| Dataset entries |
▶

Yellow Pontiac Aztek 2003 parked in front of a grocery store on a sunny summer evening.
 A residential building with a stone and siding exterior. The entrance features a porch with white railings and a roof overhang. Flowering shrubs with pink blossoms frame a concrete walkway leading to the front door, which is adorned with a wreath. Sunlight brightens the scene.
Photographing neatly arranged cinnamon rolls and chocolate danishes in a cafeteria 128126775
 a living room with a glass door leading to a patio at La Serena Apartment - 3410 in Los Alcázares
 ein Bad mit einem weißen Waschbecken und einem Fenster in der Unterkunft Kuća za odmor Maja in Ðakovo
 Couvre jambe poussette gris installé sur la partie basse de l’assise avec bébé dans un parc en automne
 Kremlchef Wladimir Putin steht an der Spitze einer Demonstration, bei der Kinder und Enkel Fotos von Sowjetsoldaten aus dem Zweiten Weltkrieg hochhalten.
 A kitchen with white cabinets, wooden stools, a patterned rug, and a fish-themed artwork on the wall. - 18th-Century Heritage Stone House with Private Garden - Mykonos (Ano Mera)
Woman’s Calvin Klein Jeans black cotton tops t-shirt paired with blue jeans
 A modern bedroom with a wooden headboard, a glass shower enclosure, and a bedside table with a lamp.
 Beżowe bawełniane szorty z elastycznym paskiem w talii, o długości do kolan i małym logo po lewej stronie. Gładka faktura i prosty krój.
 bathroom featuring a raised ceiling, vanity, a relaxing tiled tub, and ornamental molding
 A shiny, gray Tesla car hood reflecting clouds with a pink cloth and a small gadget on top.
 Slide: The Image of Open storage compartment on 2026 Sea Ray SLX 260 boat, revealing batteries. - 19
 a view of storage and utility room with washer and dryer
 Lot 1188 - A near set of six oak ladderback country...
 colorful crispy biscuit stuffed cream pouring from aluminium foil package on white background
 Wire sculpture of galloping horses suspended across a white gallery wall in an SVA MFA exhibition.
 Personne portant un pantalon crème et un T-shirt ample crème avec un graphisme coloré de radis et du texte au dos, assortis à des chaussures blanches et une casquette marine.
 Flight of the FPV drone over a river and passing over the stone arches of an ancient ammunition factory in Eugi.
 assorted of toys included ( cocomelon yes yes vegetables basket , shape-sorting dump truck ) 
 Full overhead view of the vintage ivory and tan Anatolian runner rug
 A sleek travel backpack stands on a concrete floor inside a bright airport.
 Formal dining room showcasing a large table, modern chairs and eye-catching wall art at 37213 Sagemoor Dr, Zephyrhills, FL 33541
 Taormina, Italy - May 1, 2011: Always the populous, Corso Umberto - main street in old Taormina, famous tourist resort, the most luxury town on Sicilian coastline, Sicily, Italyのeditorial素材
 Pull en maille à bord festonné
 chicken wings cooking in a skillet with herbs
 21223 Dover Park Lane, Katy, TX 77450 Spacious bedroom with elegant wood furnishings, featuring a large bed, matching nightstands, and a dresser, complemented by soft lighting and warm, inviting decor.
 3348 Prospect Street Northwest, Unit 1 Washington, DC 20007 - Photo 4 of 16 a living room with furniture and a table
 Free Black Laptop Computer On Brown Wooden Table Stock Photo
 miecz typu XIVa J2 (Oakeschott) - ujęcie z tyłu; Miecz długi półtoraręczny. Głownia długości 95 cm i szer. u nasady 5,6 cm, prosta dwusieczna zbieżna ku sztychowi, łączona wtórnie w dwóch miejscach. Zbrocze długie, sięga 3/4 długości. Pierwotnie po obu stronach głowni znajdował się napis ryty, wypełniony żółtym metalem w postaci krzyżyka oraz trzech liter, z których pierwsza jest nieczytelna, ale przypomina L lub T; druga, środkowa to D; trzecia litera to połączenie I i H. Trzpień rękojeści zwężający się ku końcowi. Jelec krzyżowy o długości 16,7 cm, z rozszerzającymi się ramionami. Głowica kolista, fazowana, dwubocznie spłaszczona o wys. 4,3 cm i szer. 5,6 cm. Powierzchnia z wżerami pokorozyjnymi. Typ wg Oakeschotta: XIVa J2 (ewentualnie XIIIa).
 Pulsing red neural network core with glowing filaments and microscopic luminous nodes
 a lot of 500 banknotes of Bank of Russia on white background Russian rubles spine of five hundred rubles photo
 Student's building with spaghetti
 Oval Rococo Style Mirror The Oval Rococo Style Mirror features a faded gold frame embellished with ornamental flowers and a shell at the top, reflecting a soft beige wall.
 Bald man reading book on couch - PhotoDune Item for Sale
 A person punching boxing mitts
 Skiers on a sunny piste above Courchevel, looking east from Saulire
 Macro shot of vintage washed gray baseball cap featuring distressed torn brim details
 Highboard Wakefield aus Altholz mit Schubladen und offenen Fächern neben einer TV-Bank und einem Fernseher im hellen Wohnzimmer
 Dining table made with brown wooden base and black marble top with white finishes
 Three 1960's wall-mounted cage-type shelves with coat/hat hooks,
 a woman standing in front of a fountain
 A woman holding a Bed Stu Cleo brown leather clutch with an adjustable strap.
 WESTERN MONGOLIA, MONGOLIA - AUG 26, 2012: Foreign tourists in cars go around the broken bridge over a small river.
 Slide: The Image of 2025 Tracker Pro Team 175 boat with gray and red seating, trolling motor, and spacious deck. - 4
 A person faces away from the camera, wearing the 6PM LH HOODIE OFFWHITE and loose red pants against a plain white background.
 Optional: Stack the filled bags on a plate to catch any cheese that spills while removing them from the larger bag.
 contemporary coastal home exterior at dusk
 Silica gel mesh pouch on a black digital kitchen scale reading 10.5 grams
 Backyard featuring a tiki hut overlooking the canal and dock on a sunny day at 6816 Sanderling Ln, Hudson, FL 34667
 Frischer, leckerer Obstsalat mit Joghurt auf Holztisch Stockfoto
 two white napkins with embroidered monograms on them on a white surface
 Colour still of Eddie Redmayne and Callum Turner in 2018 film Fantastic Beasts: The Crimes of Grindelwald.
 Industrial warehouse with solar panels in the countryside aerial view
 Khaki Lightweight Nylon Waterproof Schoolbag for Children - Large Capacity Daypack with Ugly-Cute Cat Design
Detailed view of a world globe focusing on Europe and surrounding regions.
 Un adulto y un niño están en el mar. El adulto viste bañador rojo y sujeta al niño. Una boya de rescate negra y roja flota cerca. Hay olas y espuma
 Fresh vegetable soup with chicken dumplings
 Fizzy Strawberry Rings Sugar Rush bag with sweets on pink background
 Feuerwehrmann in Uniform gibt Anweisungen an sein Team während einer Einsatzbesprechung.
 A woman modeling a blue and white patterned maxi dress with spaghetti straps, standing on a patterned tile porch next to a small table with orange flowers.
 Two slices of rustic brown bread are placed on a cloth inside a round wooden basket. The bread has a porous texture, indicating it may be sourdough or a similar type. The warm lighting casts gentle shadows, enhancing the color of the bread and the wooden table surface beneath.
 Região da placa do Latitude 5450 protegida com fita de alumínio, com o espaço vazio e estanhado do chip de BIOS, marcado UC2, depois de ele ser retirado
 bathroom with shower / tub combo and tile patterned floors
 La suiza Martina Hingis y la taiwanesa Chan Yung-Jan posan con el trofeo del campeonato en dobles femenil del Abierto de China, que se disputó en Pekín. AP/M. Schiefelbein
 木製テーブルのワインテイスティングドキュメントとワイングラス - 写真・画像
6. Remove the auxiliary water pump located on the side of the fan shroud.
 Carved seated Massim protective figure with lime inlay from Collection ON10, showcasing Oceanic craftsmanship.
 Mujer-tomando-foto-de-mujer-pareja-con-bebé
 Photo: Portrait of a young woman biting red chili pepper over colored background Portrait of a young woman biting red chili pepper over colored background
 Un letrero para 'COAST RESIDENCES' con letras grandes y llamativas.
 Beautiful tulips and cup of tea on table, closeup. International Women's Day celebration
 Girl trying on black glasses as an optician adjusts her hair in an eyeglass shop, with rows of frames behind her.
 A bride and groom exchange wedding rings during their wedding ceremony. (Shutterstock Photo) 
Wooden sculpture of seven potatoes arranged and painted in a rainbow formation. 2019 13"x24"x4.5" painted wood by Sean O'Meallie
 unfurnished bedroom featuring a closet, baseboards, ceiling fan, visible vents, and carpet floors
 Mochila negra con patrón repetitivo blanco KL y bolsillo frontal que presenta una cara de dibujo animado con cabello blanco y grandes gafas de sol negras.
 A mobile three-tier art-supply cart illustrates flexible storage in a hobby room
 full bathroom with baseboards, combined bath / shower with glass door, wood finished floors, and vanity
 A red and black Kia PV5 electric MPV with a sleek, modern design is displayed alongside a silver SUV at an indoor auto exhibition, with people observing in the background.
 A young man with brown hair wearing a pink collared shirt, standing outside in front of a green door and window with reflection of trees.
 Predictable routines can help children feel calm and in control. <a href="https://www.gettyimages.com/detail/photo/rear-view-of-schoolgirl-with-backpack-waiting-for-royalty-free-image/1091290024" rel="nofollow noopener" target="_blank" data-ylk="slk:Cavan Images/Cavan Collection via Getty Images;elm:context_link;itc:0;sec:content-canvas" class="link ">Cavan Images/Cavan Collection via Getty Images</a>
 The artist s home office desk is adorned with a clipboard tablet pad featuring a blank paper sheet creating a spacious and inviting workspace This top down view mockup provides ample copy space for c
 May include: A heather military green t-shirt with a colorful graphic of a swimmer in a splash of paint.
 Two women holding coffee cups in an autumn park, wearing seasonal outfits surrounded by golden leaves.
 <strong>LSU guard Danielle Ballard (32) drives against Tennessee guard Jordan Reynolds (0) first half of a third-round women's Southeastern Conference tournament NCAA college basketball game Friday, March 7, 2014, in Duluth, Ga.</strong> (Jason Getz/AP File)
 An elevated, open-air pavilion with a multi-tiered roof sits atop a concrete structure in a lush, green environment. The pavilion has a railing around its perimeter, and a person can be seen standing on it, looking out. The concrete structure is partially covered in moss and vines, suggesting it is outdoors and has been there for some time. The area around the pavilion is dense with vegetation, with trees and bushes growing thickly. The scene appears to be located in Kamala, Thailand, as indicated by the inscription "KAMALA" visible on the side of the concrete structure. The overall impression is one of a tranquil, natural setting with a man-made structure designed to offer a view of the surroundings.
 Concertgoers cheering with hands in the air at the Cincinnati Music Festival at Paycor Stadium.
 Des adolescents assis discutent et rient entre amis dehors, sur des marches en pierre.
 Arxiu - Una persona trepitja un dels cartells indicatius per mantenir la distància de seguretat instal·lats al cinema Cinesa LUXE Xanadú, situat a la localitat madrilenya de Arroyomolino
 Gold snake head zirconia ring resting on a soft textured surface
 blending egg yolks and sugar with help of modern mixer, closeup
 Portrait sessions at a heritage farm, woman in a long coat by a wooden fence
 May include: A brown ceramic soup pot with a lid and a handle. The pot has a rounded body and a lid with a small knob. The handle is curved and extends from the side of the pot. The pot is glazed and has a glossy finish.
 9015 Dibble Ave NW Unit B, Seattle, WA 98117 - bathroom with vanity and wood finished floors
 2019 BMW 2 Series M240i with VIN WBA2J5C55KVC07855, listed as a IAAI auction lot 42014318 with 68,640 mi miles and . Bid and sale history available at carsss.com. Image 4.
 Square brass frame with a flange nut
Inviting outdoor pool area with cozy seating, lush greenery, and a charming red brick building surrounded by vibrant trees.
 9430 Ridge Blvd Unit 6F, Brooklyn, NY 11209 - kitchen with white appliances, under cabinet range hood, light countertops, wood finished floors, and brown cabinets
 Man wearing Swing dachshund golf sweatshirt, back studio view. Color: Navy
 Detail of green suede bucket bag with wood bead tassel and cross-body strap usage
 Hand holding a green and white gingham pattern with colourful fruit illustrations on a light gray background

◀

| REQUIRED ACTION |
Find the word "type" in the records, and report each line that has it.

| EXERCISE RESULT |
 Three 1960's wall-mounted cage-type shelves with coat/hat hooks,
 Two slices of rustic brown bread are placed on a cloth inside a round wooden basket. The bread has a porous texture, indicating it may be sourdough or a similar type. The warm lighting casts gentle shadows, enhancing the color of the bread and the wooden table surface beneath.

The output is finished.